In gesprek met Mira Feticu
- Mira Feticu vertelt dat het in haar thuisland aanvankelijk nog haar lot was om juf te worden in het Roemeense dorp. Haar vriendinnen werden dat inderdaad ook. Maar nu weet Mira dat haar man haar lot is, en dat daarmee het haar lot is geworden om Nederlander te zijn.
- Haar dochter - inmiddels literatuurwetenschap studerend - wordt volgende week twintig jaar, en Mira beschouwt die eerste verjaardag zonder haar echtgenoot en vader van haar dochter als een fantastische, maar toch ook wel verdrietige dag.
- Mira: "Als je aan je kinderen verhalen vertelt, en hen boeken geeft, kan het niet anders dan dat je kind een lezer wordt."
- Feticu vindt het als belachelijk dat je op Nederlandse universiteiten tegenwoordig Nederlandse boeken in het Engels moet lezen.
- Mira: "We leven hier in een goed land."
- De Roemeense taal van vóór de val - in 1989 - van de voormalige Roemeense president-dictator Nicolae Ceaucescu vertrouwt ze niet meer. De Roemeense taal is na die val dan wel vrijer geworden, maar is niet zachter geworden.

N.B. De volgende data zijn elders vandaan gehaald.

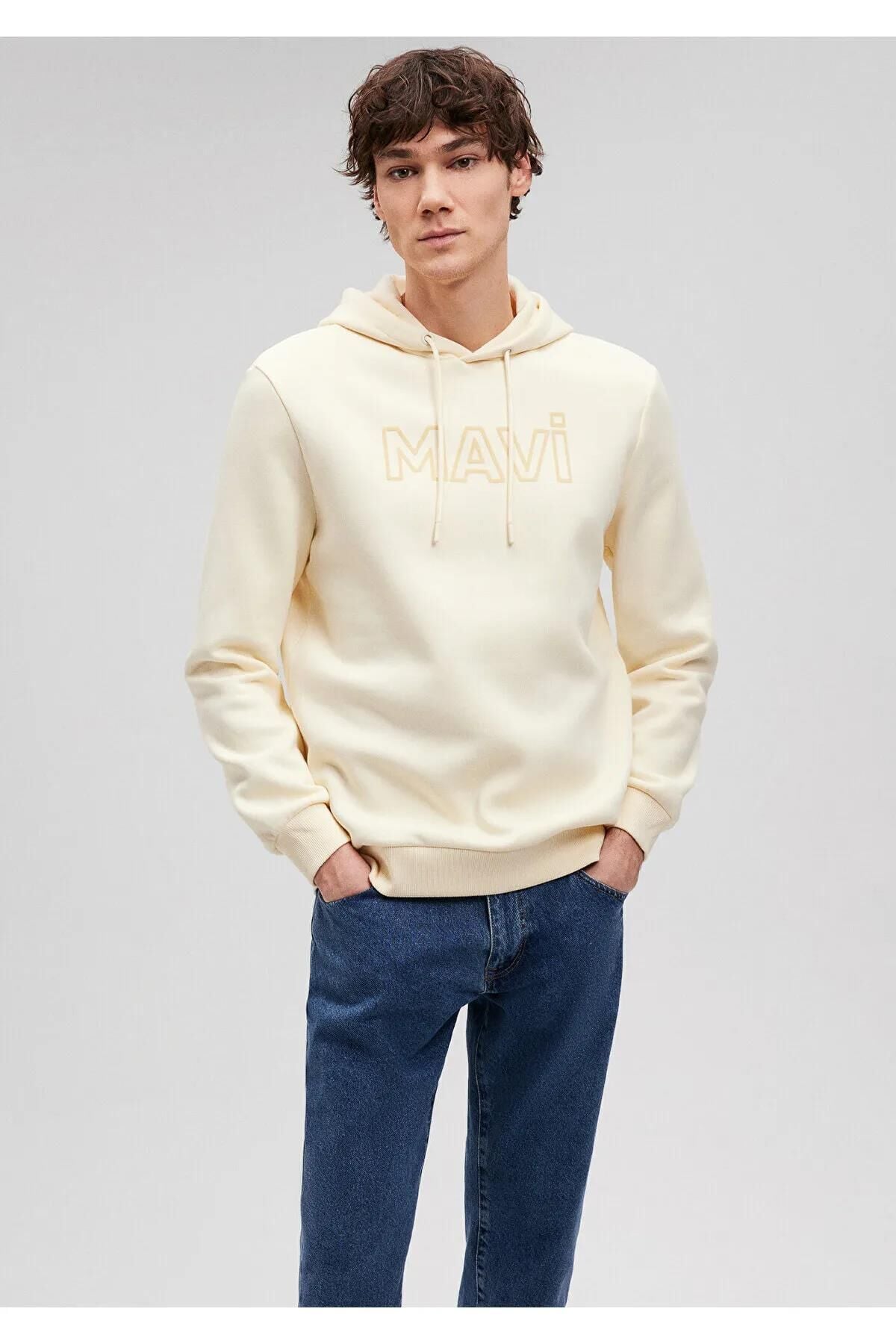 MAVİ BASKILI ERKEK KAPÜŞONLU SWEATSHIRT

De taal was in de ogen van Feticu mishandeld door het communisme.
- Taal is heel politiek.
- Mira Feticu heeft door al haar levenservaring geleerd om naar alle pijnen met een afstand te kijken.
- Het is volgens Mira jammer dat talen sterven, maar het is het lot van de mens, en daarmee dus ook van onszelf.
- Mira: "Het is mooi om te zien dat mensen zo trots op hun taal zijn."